In December, a New York appellate court held that Daniel should be allowed supervised visitation after his parole expires this summer. But the court also upheld, in the name of “the best interest of the children”, the trial court’s order that Daniel not discuss with the children “any issues pertaining to his religion”. ...He lists some outrageous examples of free speech violations, but my own court case is even more outrageous than any of them.
In fact, a wide range of parental speech has been prohibited by family courts, all in the name of the child’s supposed best interests. One parent was enjoined from making any racial slurs in a child’s presence.
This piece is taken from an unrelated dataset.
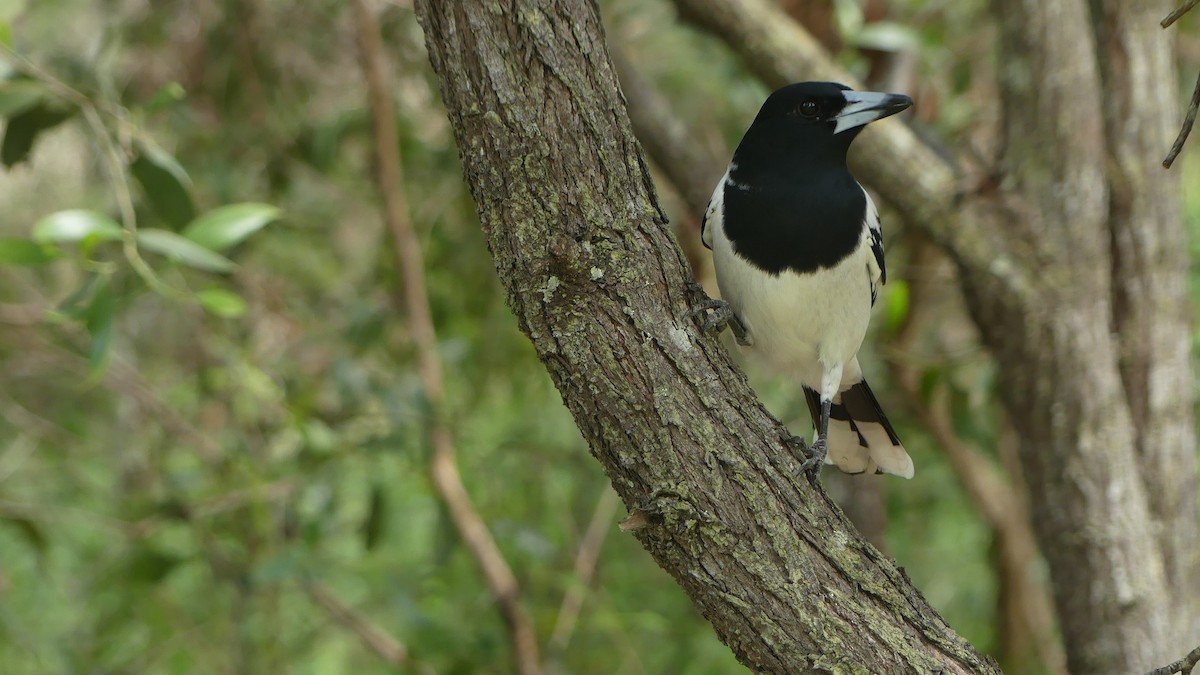 Pied Butcherbird - ML636084074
Another parent whose ex was a lesbian was ordered to “make sure that there is nothing in the religious upbringing or teaching that the minor child is exposed to that can be considered homophobic”. A different court barred a father from taking his children to “any social, religious or educational functions sponsored by or which otherwise promote homosexual lifestyle”.
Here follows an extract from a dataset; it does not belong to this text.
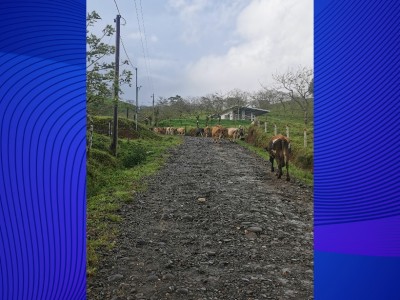 Franklin  Vargas Monge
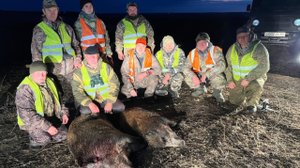 ЗАГОННАЯ ОХОТА НА КАБАНА СУПЕР ТРУДОВОЙ ДЕНЬ#hunting #охота #охотаслайкой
Commissioner Irwin Joseph held me in contempt of court for quoting testimony that was given against me in open court.
Psychologist Kenneth Perlmutter recommended that I be reduced to two hours of supervised visitation per month with my kids because of the possibility that I might tell them that I was falsely accused of abuse. He agreed that the accusations were unfounded, but argued that my kids might find that information upsetting.
Cmr. Joseph ordered Perlmutter's recommendations without any due process. I would quote the sections in Perlmutter's report, but Cmr. Joseph has ordered me not to show it to anyone, not even my own lawyer.
There is no way to reconcile these free speech abridgments with the US Supreme Court precedents. Sooner or later, all these orders will be found unconstitutional.